### [Exercise description]
The required output is the exact text of the lines from the line containing "2022 Kia Carnival SX" through the final line below, inclusive, without pictures.

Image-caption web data
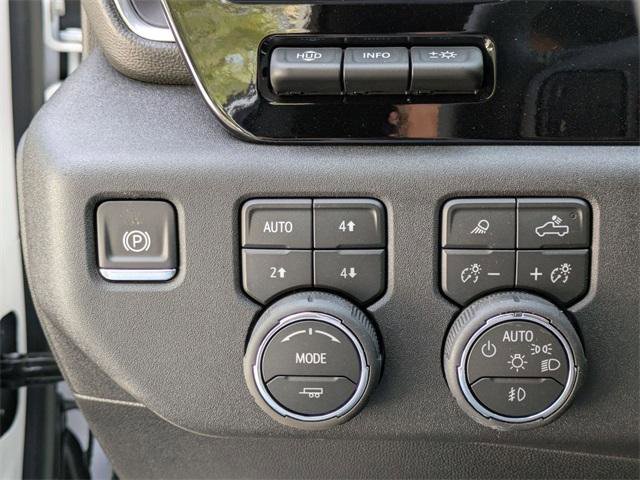 New 2026 Chevrolet Silverado 3500 High Country w/ Technology Package image 14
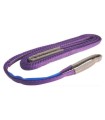 ESLINGA NYLON 1000KG 3m VIOLETA
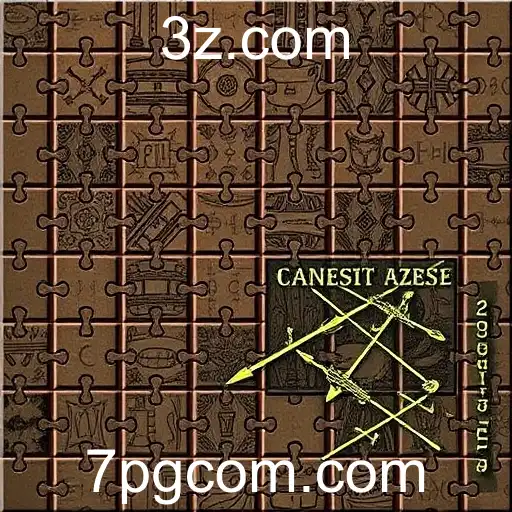 Desvendando a Categoria de Jogos de Quebra-Cabeça no 7pg com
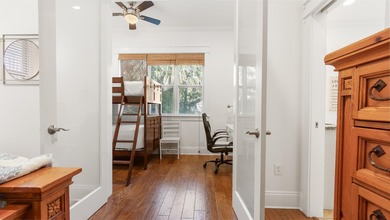Introducing a charming coastal cottage located in the heart of - photo 29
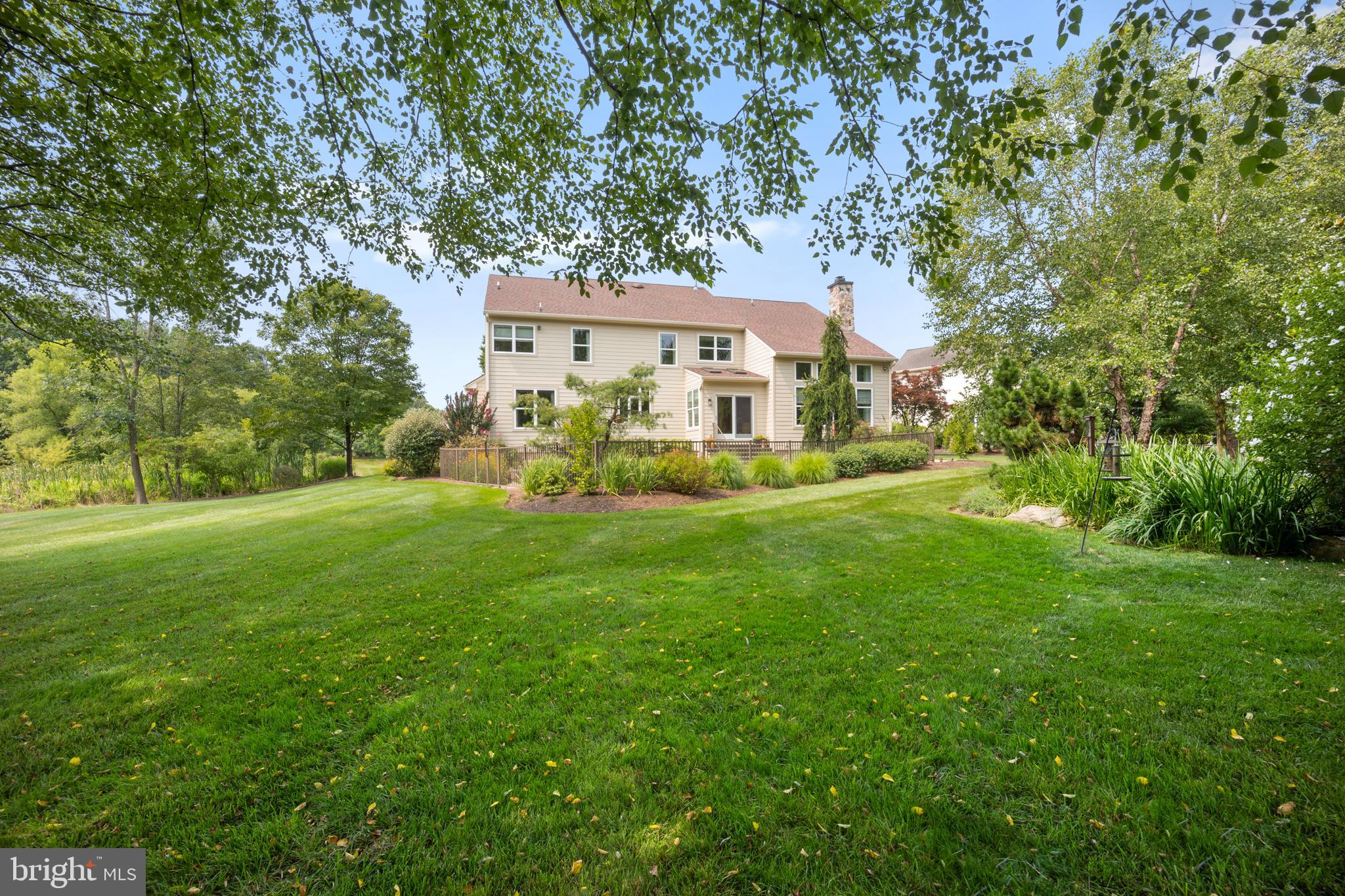 PICKERING MEADOWS - Residential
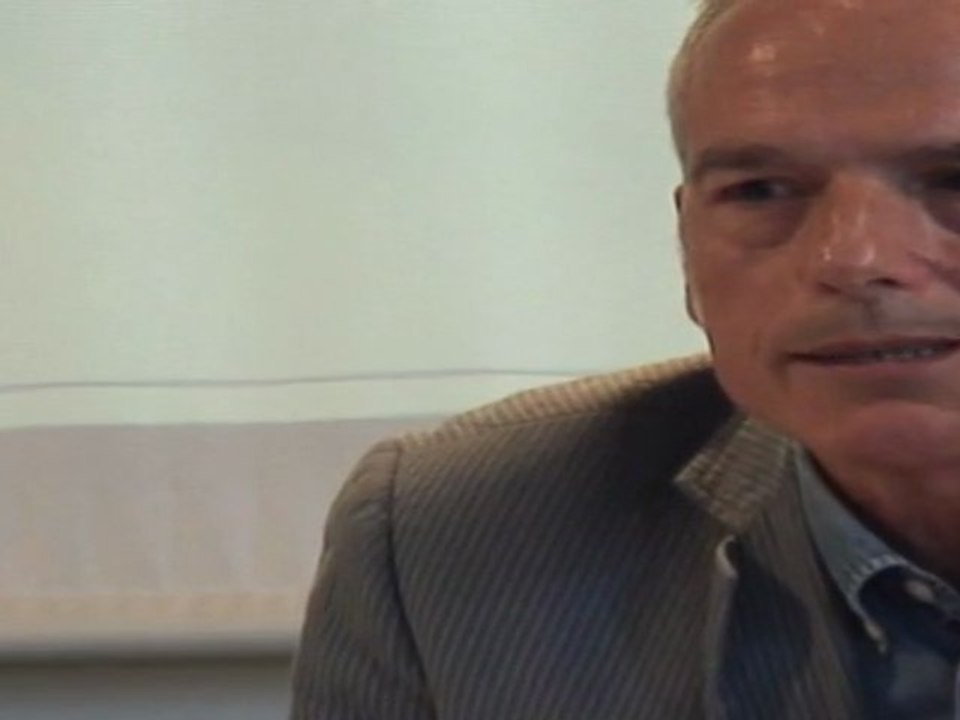 Intervention de Jean-Pierre VERAN - Partie 2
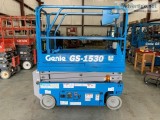 15Ft Scissor Lift for Rent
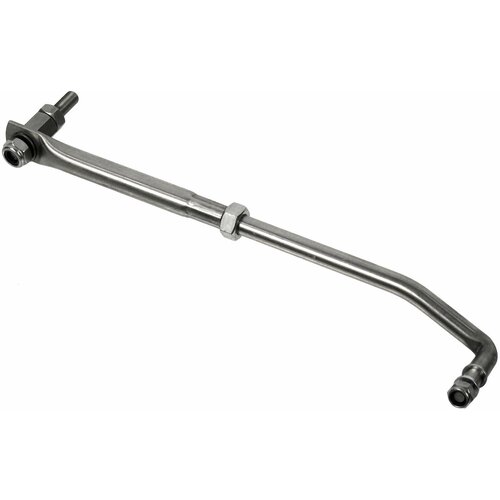 Тяга рулевая регулируемая универсальная, 305-340
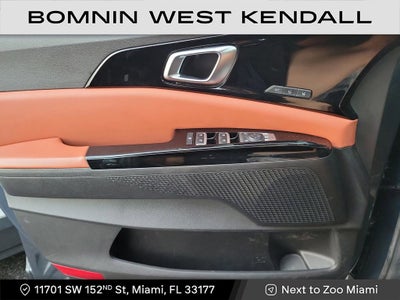 2022 Kia Carnival SX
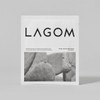 Lagom Aqua Cactus Mask Pack (1 sheet) / 아쿠아 캑터스 마스크팩(1매)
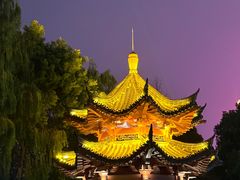 -杜甫江阁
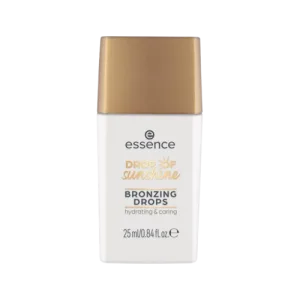 Picaturi bronzante Drop of Sunshine Bronzing Drops, 25ml, Essence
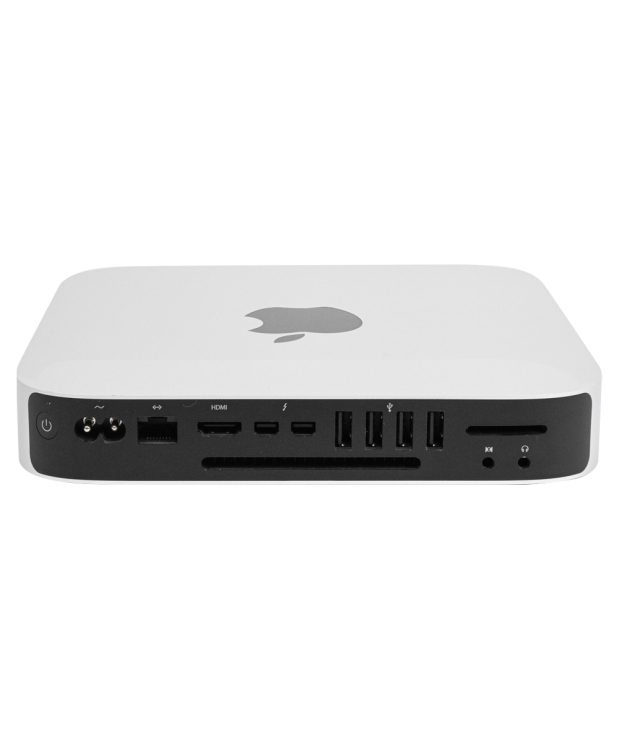 Системний блок Apple Mac Mini A1347 Late 2014 Intel Core i5-4308U 8Gb RAM 128Gb SSD + 1Tb HDD фото_5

### [Response to this task]
 2022 Kia Carnival SX
 Lagom Aqua Cactus Mask Pack (1 sheet) / 아쿠아 캑터스 마스크팩(1매)
 -杜甫江阁
 Picaturi bronzante Drop of Sunshine Bronzing Drops, 25ml, Essence
 Системний блок Apple Mac Mini A1347 Late 2014 Intel Core i5-4308U 8Gb RAM 128Gb SSD + 1Tb HDD фото_5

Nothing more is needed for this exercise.